Bullshit Jobs: A Theory by David Graeber
4.0
I was very struck by the original essay, so decided to read the book in full. Some chapters felt like they were saying the same things as the introduction did over and over again but I think it was the right read at the right time for me. I appreciated the overview of sociological/economic theory that I got from this book being not-very-well-read in that subject matter.
Water I Won't Touch by Kayleb Rae Candrilli
5.0
Poetry collections are very hard for me to rate because I think it depends on my headspace at the time I read them and this one had me in a wreck... I think my comfort poems are in here
The Twenty-Ninth Year by Hala Alyan
4.0
I'm just starting my twenties and I feel like I will never be as cool as Hala Alyan...

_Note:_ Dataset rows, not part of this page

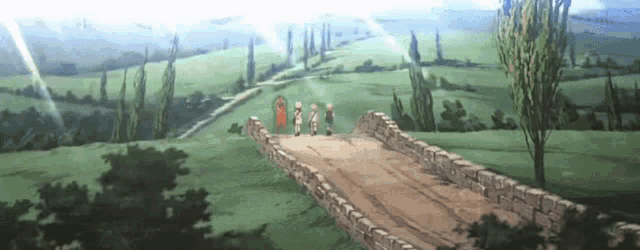 a group of people are walking across a stone bridge in a field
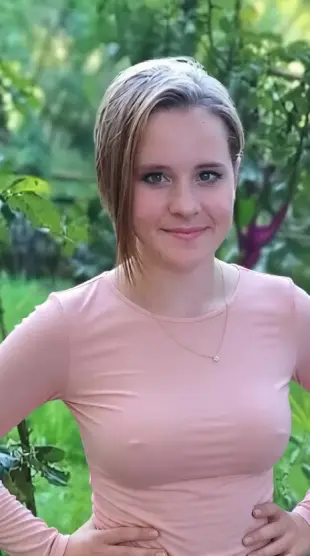 AI Video: She has her arms by her side doing the shimmy, jiggling, while seductively...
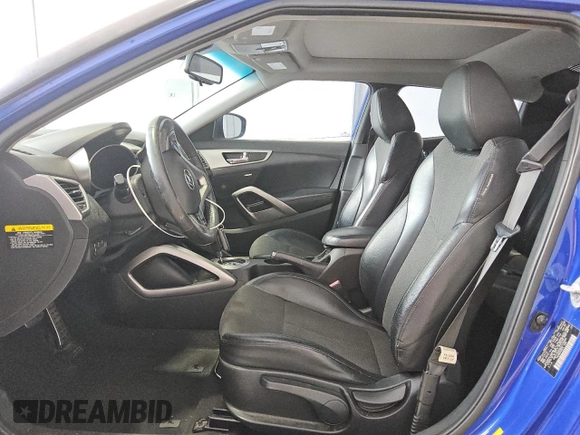 2013 Hyundai Veloster w/Black Int z VIN KMHTC6AD2DU125066, wystawiony jako Copart lot #60921325 z przebiegiem 189 503 mil mil oraz Czysty tytuł • Clean title. Historia ofert i sprzedaży dostępna na DreamBid. Obrazek 7.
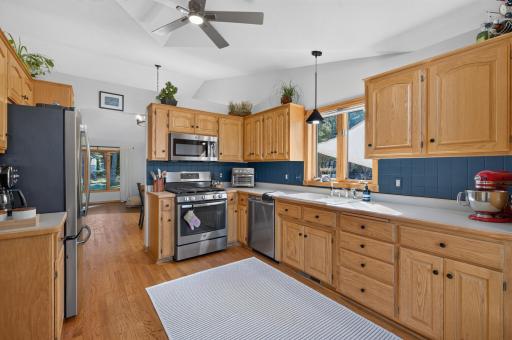 Open eat-in kitchen features newer stainless steel appliances and plenty of cabinetry.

What We Fed to the Manticore by Talia Lakshmi Kolluri
4.0
I haven't read a lot of animal-oriented stories that I've really enjoyed, especially told in a legend/anthropomorphic style like this, but I enjoyed this collection. The thing with short story collections are that some stories always seem stronger/more memorable with others but what drives it home is a strong start and end, which this book had.
Three Days in the Pink Tower by EV Knight
3.0
Normally I don't read other reviews before at least jotting a few thoughts down of my own. But I don't know how to review this. Like people have said, I did not enjoy reading this but it's not the kind of book you are supposed to enjoy reading. I didn't like the writing style but I also feel like the on-the-nose style is subversive in a world where womens' bodies are danced around with metaphors and figures of speech when talking about rape and sexual assault. I thought the symbolism and speculative element were well done.
I'll be Your Mirror: Art and the Digital Screen by Alison Hearst
4.0
Art book plus media theory. I should read more of these.
Rise of the Videogame Zinesters: How Freaks, Normals, Amateurs, Artists, Dreamers, Drop-outs, Queers, Housewives, and People Like You Are Taking Back an Art Form by Anna Anthropy
5.0
I don't play video games but I love reading critical essays about games and gaming culture and this one resonates me particularly as a DIY zinester. Some parts I glossed over because the technology seemed less relevant in 2024 - but I am not docking stars for that because what can you do about it?
Art Monsters: Unruly Bodies in Feminist Art by Lauren Elkin
4.0
Well-written, well-organized, and a well-curated set of artworks (at least from my very non-familiar-with-the-subject-matter-POV). Reading this book after taking a feminist art history class was a good move, several of the artists/pieces I'd heard of which was a good segue into those I didn't. I feel like the writing got a little pretentious/New-Yorker-esque at some points (not a surprise considering that the author has written for the New Yorker).
Defiant Sounds: Heavy Metal Music in the Global South by Jeremy Wallach, Esther Clinton, Nelson Varas-Díaz, Daniel Nevárez Araújo
3.0
Disclosure: I am not an academic. I like heavy metal, and this book made me aware of several global scenes and international metal bands that I've realized I really dig, but sometimes I feel like a well-written long-form journalistic article in a contemporary outlet would have given more clarity. This is to be expected from a scholarly publication, but I wasn't the target audience - the jargon made it feel like a convoluted way of explaining something I felt was intuitive.